Eva Blay é senadora da República pelo PSDB/SP.

Propostas de modificação do Código Penal

Código Penal (1940)
Artigo 124: Classifica como crime a prática dó aborto. A mulher que fizer aborto e o médico, ou parteira, que o realizarem, podem ser  condenados a até três anos de prisão.

Artigo 125: Diz que é crime provocar aborto sem o consentimento da mulher. Para este caso, a pena varia de três a dez anos de prisão.

Artigo 126: Considera crime o aborto realizado a pedido da mulher.
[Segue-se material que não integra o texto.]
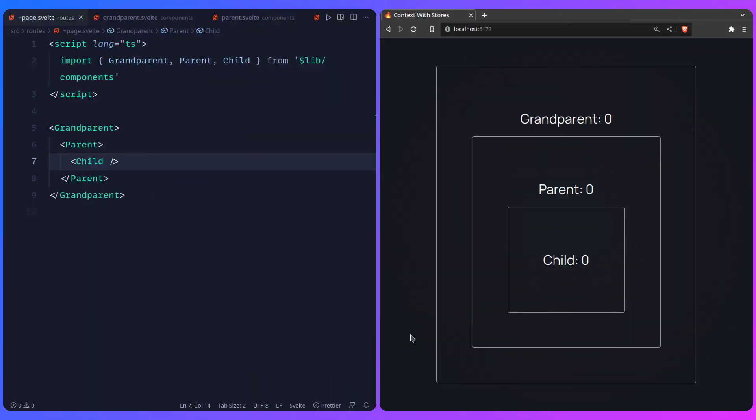Hey friends! In this one we're going to learn how you can use context with stores in Svelte. I see this often asked — people are confused about why you would use stores with context when they seem to do the same thing. We're going to see how they're similar but very different and what they're each used for.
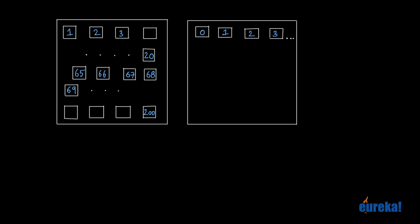So if you have a memory of 1 kilobyte in capacity, 1 kb is nothing but 1024 bytes. In that case, the numbering would start from 0 and will go up to 1023. The last byte would have the address 1023. 0 to 1023 is nothing but finally 1024 bytes. So this is what the memory would look like for a RAM with 1 kb capacity.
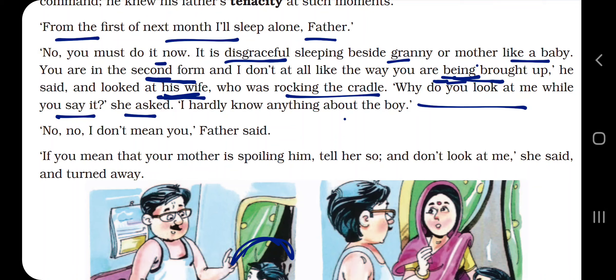The father said, 'No. You must do it now. It is disgraceful — meaning shameful — sleeping beside granny or mother like a baby.' According to the father, Swami was grown up and should not sleep like a small baby beside his granny or mother. 'You are in the second form, and I don't at all like the way you are being brought up,' his father said, and looked at his wife.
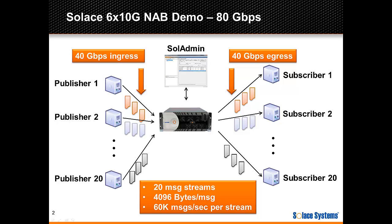To hit 40GB per second, each publisher will send messages at 60,000 messages per second for a total of 1.2 million messages per second ingress and 1.2 million messages per second egress.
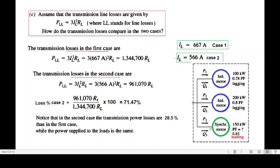The key insight is that when the synchronous motor is used at a leading power factor, it acts like a capacitor, improving the overall power factor and thereby reducing transmission losses. I hope you have been able to follow this. Please let me know through your comments, and don't forget to share it with your friends and subscribe.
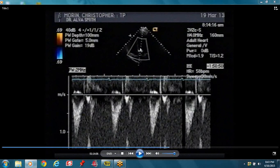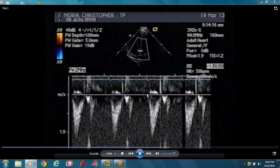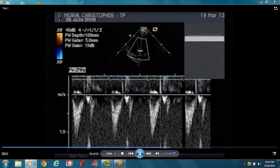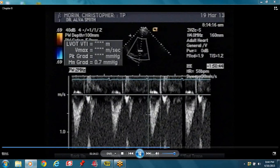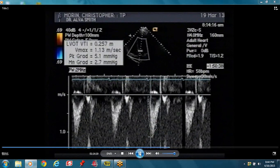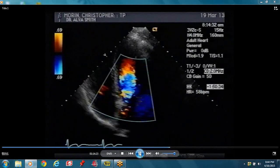Blood flows from the left ventricular outflow track through the aortic valve into the aorta. The transducer is up there and the blood is moving away from the transducer, so it's below the baseline. To get your LVOT VTI, you just plane this — it's a systolic flow, so you plane it and trace it. The computer will give you everything else.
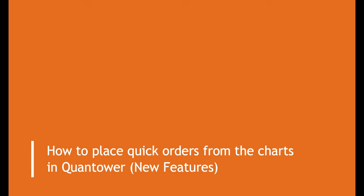Welcome to Quantower. In this video we will cover updated features to place limit, stop, stop limit and market order from the charts.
A punição prevista oscila de um a quatro anos.

Artigo 127: Aumenta em um terço as penas estabelecidas nos artigos 125 e 126 se a mulher sofrer lesão grave durante o aborto. A pena é duplicada se a mulher morrer em conseqüência do aborto.

Artigo 128: Não pune o médico que realizar aborto para salvar a vida da mulher e se a gravidez for resultado de estupro.

Projeto de Lei nº278 (1993)
Artigo 124: revogado

Artigo 125: A punição é aumentada em um terço se a gestante sofrer algum tipo de lesão em conseqüência do aborto que não autorizou. Caso a gestante morra, em conseqüência deste aborto não autorizado, a pena é duplicada.

Artigo 126: revogado

Artigo 127: revogado

Artigo 128: O médico pode realizar o aborto em qualquer período da gravidez; se a gravidez for resultado de estupro e se não houver outro meio para salvar a gestante. Também permite que o médico realize o aborto até a 12º semana da gestação e da 12º semana à 25º se existir, alguma doença (patologia) que punha em risco a saúde física ou mental da gestante. O aborto pode ser realizado em hospital público, sem despesas para a mulher.